Let $$S$$ be some statement which is unprovable but true in an axiomatic system $$T$$. If $$T$$ is consistent, then adding $$S$$ as an axiom of $$T$$ keeps the system consistent. But what about adding $$\neg S$$ as an axiom?

For example, the continuum hypothesis is unprovable in ZFC, and we can add it or its negation as an axiom with no problem.

However, if the Goldbach conjecture is unprovable, it must be true, since if it were false we'd be able to find a counter-example, and check that it is a counter-example. Hence we wouldn't be able to add the negation of the Goldbach conjecture as an axiom if it is unprovable. Does this imply it is provable? Or is this okay?

• Why does the Goldbach conjecture have to be true? How do you know there isn't a counter-example that is too big to write down? Oct 30, 2018 at 21:31
• Yes, we can add the negation of Goldbach conjecture. "True" applies not to the formal system itself (in this case arithmetic), but to its "intended" model. If the Goldbach conjecture is unprovable it means that it has a counterexample in a non-standard model of arithmetic (by Gödel's completeness theorem). If we add the negation our theory will no longer describe "intuitive" integers (assuming there is such a thing) but it will still be a fine theory without contradictions. Oct 30, 2018 at 21:31
• @JohnDouma: Why do you think I can reason it must be true? I'm reasoning that if it is undecidable in PA, then it is true. But I have no idea whether it is undecidable in PA. Oct 30, 2018 at 21:42
• @Sambo: Yes: $\varphi$ is "unprovable" if $\varphi$ cannot be proved, and is "undecidable" if neither $\varphi$ nor $\neg\varphi$ can be proved. Oct 31, 2018 at 0:29
• @Sambo: An undecidable sentence might also "simply be false" in a particular model. An unprovable sentence is either undecidable or disprovable. Oct 31, 2018 at 11:43

Yes, you can add the negation of any unprovable statement as a new axiom to the theory and still get a consistent theory out of it.

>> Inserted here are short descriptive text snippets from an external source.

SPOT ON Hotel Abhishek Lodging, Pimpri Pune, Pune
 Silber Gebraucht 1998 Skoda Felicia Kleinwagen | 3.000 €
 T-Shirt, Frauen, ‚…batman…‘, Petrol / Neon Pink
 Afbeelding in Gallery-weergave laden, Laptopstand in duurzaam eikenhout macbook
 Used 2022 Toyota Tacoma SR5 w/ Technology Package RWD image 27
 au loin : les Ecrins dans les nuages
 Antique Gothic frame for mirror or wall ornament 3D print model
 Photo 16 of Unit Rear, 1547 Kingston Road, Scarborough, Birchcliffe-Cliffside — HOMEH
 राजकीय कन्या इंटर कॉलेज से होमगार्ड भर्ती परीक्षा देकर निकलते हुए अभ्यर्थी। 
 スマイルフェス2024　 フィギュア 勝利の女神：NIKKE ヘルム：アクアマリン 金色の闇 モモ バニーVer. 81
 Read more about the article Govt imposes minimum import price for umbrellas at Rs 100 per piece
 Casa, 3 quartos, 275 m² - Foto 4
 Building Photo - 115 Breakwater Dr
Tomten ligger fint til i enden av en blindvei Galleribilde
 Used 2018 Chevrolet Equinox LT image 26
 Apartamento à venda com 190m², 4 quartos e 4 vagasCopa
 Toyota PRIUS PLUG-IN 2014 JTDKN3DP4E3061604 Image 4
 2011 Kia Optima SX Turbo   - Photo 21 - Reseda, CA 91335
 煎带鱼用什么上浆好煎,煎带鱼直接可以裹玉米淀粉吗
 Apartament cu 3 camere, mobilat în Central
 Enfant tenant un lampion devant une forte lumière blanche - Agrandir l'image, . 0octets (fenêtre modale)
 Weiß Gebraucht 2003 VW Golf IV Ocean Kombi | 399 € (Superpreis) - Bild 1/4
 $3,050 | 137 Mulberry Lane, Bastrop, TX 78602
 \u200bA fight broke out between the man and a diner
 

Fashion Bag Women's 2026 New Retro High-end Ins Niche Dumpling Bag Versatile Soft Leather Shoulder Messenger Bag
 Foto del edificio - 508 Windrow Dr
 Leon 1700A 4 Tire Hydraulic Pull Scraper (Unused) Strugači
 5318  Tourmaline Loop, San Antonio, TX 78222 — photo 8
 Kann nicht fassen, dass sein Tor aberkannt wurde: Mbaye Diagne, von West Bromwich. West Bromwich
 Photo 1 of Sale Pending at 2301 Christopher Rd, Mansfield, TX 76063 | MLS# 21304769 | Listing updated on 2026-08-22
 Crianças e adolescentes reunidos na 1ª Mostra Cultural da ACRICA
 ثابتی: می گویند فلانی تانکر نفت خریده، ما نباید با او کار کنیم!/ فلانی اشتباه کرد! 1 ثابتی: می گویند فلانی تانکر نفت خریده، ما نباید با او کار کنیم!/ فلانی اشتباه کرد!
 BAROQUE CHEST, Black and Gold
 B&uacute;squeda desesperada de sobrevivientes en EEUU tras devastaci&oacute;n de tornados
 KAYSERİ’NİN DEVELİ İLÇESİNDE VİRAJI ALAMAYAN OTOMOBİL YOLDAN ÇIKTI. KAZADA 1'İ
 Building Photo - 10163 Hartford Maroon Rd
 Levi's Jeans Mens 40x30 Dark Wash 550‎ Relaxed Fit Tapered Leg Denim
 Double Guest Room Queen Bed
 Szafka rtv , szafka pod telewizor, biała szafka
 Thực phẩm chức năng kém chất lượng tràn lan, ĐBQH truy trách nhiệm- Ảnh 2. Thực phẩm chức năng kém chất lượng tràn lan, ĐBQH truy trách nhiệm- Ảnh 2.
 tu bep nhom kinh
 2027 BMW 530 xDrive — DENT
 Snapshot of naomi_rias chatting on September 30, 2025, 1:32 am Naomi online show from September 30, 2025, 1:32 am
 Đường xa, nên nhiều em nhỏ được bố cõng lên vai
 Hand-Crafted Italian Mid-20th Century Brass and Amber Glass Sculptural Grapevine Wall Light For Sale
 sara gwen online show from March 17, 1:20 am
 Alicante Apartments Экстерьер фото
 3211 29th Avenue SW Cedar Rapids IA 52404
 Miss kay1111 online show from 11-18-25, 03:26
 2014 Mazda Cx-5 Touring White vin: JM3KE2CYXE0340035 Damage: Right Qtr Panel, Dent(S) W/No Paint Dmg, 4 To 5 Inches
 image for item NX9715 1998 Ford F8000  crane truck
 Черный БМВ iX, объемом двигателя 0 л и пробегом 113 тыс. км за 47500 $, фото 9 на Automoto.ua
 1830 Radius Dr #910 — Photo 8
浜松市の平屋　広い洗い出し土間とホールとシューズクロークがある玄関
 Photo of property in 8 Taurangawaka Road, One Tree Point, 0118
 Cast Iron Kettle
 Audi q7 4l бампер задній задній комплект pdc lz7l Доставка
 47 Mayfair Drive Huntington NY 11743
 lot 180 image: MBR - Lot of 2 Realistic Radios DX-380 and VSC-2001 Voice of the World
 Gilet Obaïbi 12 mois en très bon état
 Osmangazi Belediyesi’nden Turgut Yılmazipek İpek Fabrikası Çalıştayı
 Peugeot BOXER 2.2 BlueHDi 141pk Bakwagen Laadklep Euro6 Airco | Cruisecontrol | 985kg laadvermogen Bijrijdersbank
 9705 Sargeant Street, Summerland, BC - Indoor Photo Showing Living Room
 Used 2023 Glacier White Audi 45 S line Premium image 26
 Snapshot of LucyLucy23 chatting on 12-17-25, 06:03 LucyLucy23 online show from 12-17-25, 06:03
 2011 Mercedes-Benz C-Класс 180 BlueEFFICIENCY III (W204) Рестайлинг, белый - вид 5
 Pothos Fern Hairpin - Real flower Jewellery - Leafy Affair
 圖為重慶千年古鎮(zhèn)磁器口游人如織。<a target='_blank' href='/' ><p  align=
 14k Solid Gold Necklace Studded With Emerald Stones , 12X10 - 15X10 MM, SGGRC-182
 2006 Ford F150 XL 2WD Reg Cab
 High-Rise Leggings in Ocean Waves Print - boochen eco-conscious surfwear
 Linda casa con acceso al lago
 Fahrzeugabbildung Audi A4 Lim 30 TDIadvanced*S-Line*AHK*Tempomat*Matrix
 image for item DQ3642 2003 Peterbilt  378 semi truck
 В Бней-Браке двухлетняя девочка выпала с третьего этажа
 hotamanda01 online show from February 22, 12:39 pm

(If the extended theory proved a contradiction, this would directly be a proof of the original "unprovable" statement, which therefore wouldn't be unprovable after all).

If the new axiom happens to be false in the interpretation of the theory you had in mind (such as the actual $$\mathbb N$$), this interpretation will not be a model any more, of course. The extended theory will have other models that are non-standard models of your original theory.

• So in the case of the Goldbach conjecture, if the statement is true but undecidable, adding its negation asserts the existence of an even number which is not the sum of two primes. This number would therefore have to be something which isn't part of what we usually think of as $\mathbb{N}$? Nov 7, 2018 at 14:46
• @Sambo Correct. Nov 7, 2018 at 14:48
• So that means that if the Goldbach conjecture is undecidable, then it must be true in "the actual $\mathbb{N}$", even though we could add its negation as an axiom and end up with a consistent theory. Nov 7, 2018 at 14:54
• @Sambo Again correct. (Note that there still seems to be much more hope of proving Goldbach fair and square than of figuring out a way to prove it independent of say PA) Nov 7, 2018 at 14:57
• Thanks for the clarifications! Nov 7, 2018 at 14:57